Each entry is to be retyped exactly as it appears. Leave the images out.

==== Material for this exercise

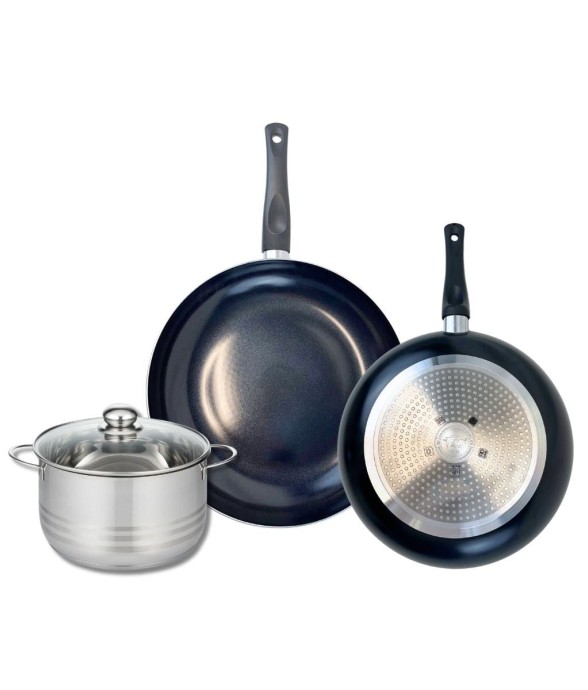 Batterie de cuisine Prima...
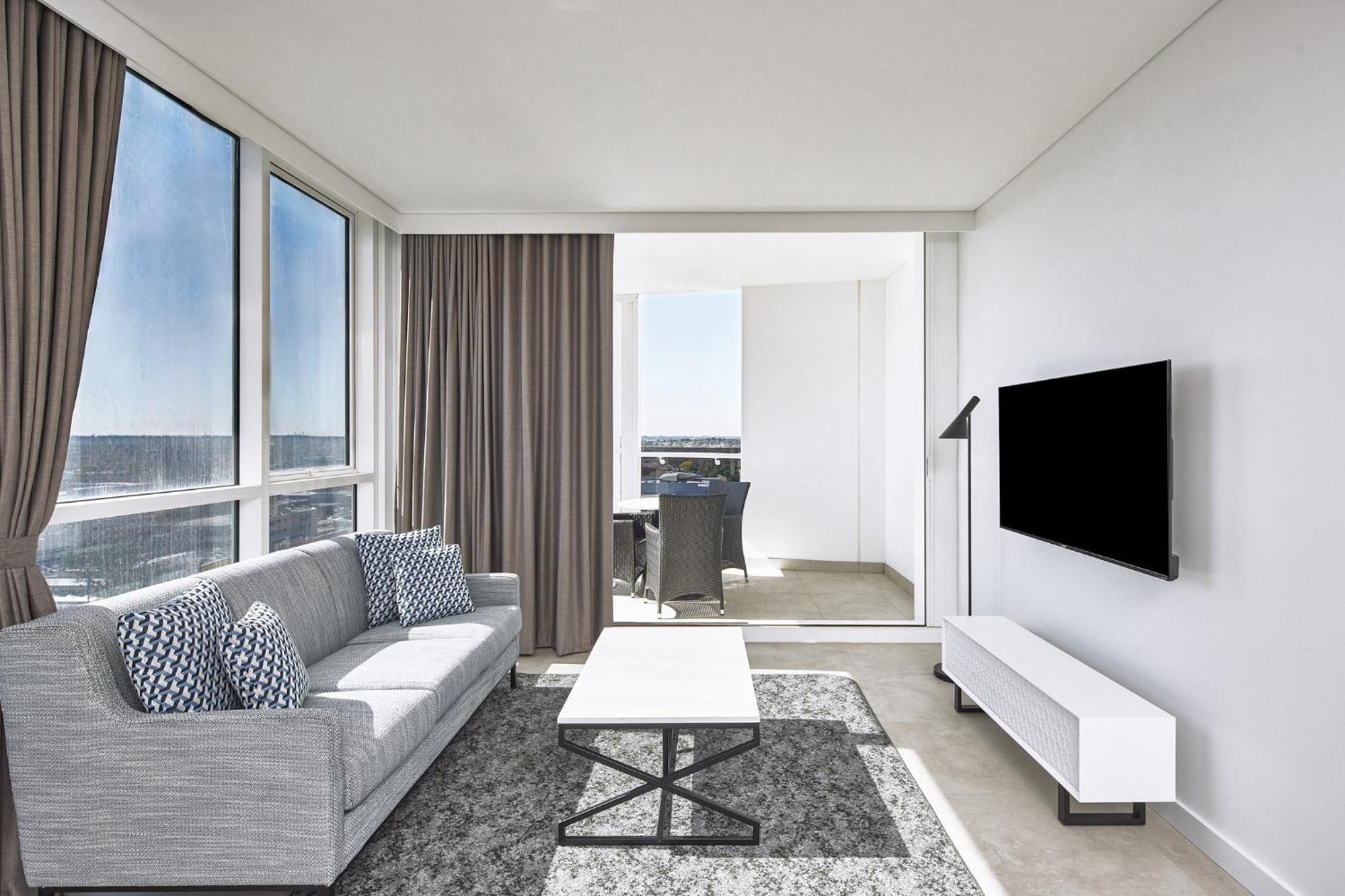 Meriton Suites Ливърпул Екстериор снимка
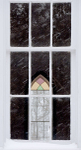 WINTER WINDOW - PORT RYERSE ANGLICAN CHURCH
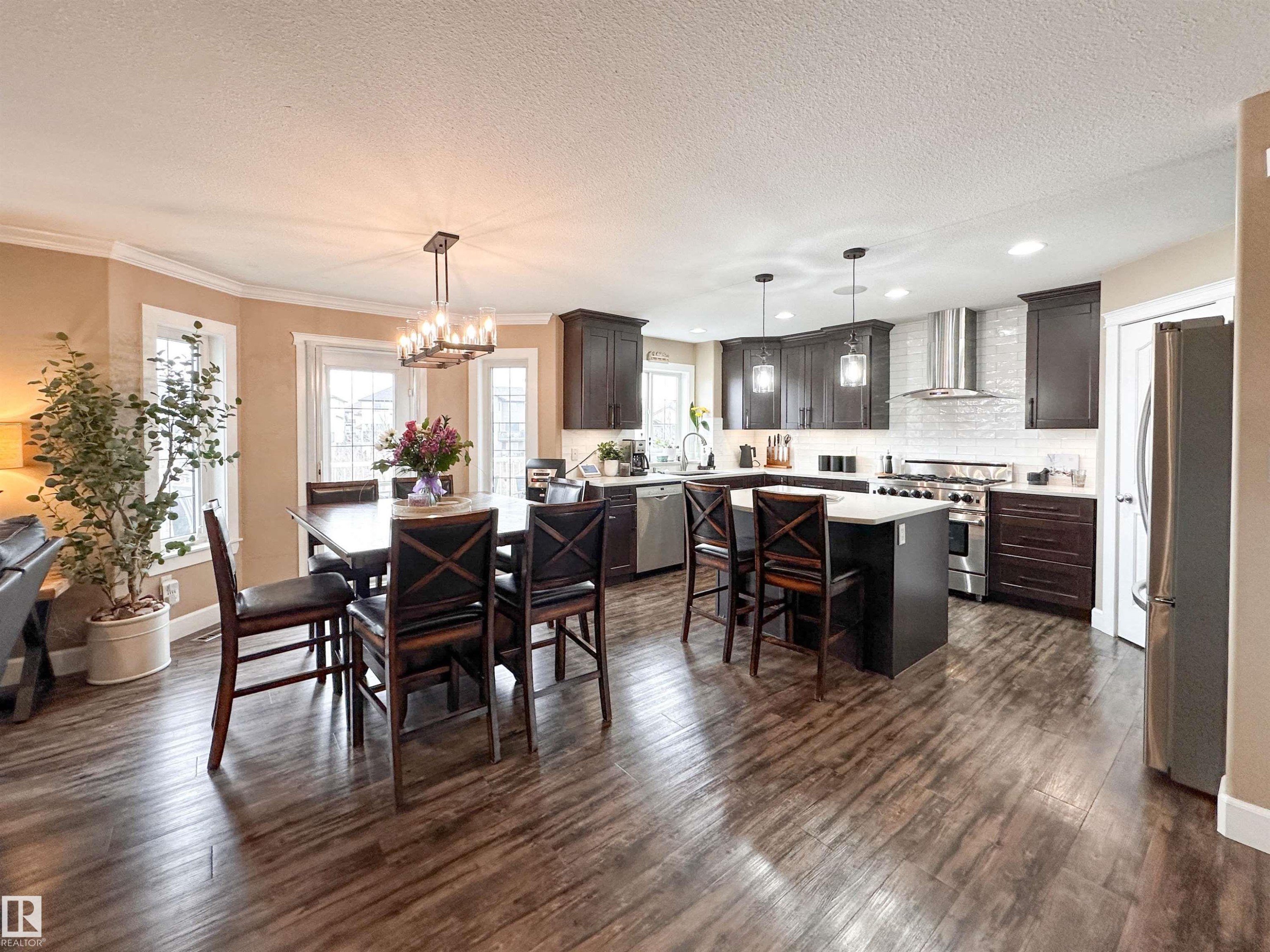 13715 149 Avenue, Edmonton, AB - Indoor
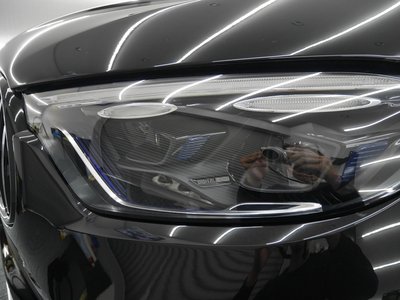 2023 Mercedes-BENZ GLC — миниатюра 13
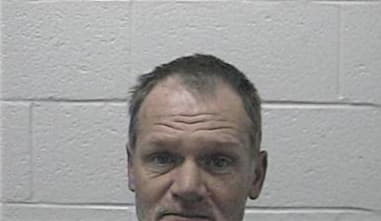 Richard Jones, - Washington County, TN 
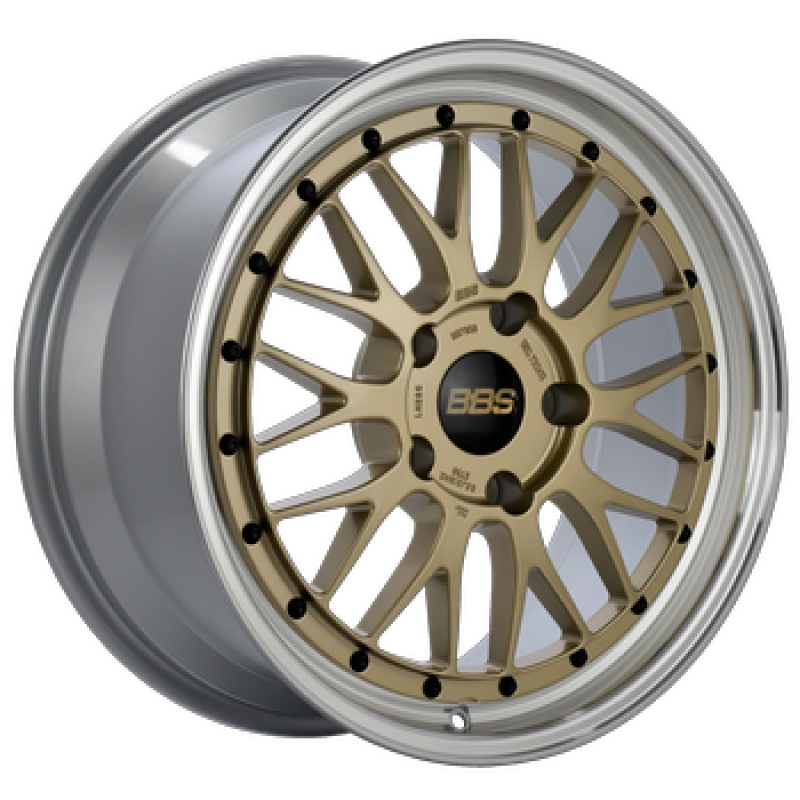 BBS LM286GPK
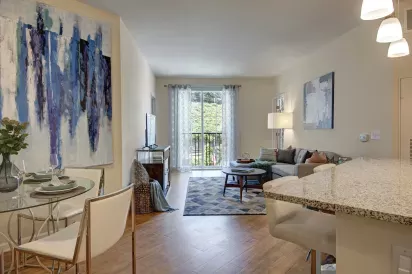 The Yard at Pencoyd Landing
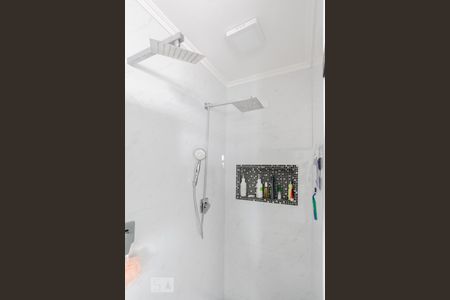 Casa à venda com 270m², 3 quartos e 2 vagasBanheiro da Suíte 3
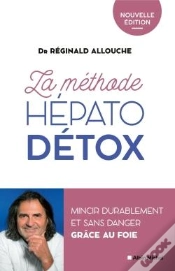 Capa do artigo La Méthode Hépato-Détox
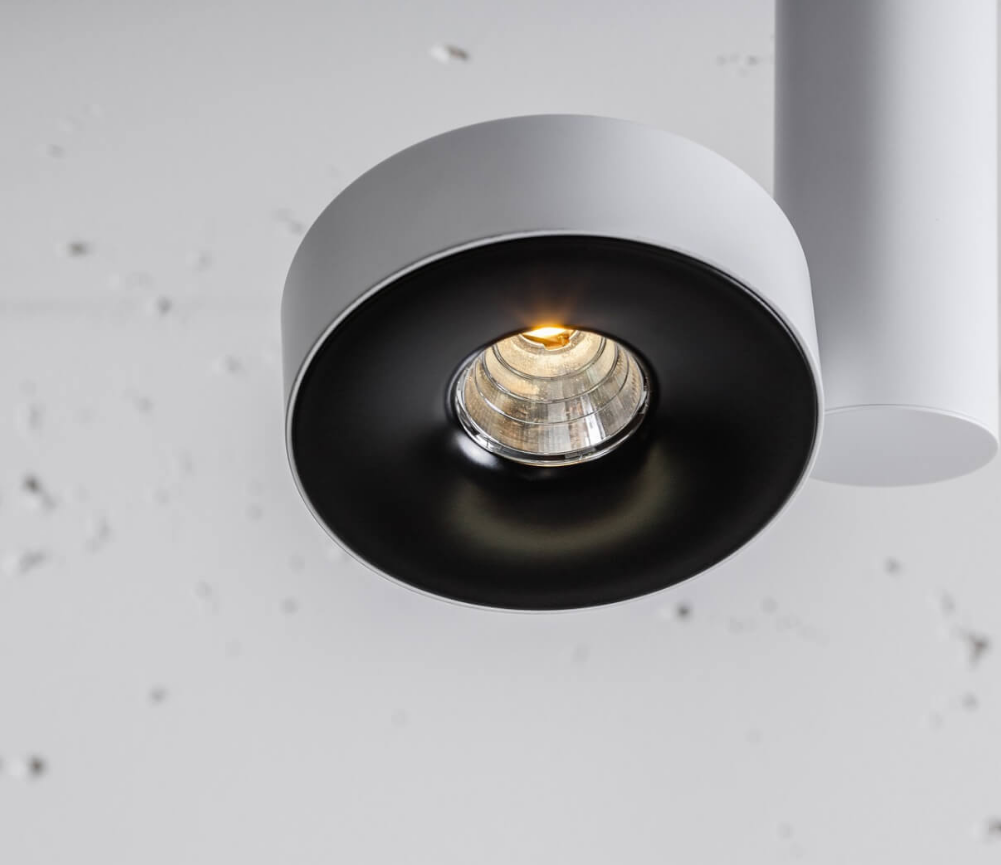 LABRA reflektor ROBOTIC R1 edge.LED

========

### Answer to this problem
 Batterie de cuisine Prima...
 Meriton Suites Ливърпул Екстериор снимка
 WINTER WINDOW - PORT RYERSE ANGLICAN CHURCH
 13715 149 Avenue, Edmonton, AB - Indoor
 2023 Mercedes-BENZ GLC — миниатюра 13
 Richard Jones, - Washington County, TN 
 BBS LM286GPK
 The Yard at Pencoyd Landing
 Casa à venda com 270m², 3 quartos e 2 vagasBanheiro da Suíte 3
 Capa do artigo La Méthode Hépato-Détox
 LABRA reflektor ROBOTIC R1 edge.LED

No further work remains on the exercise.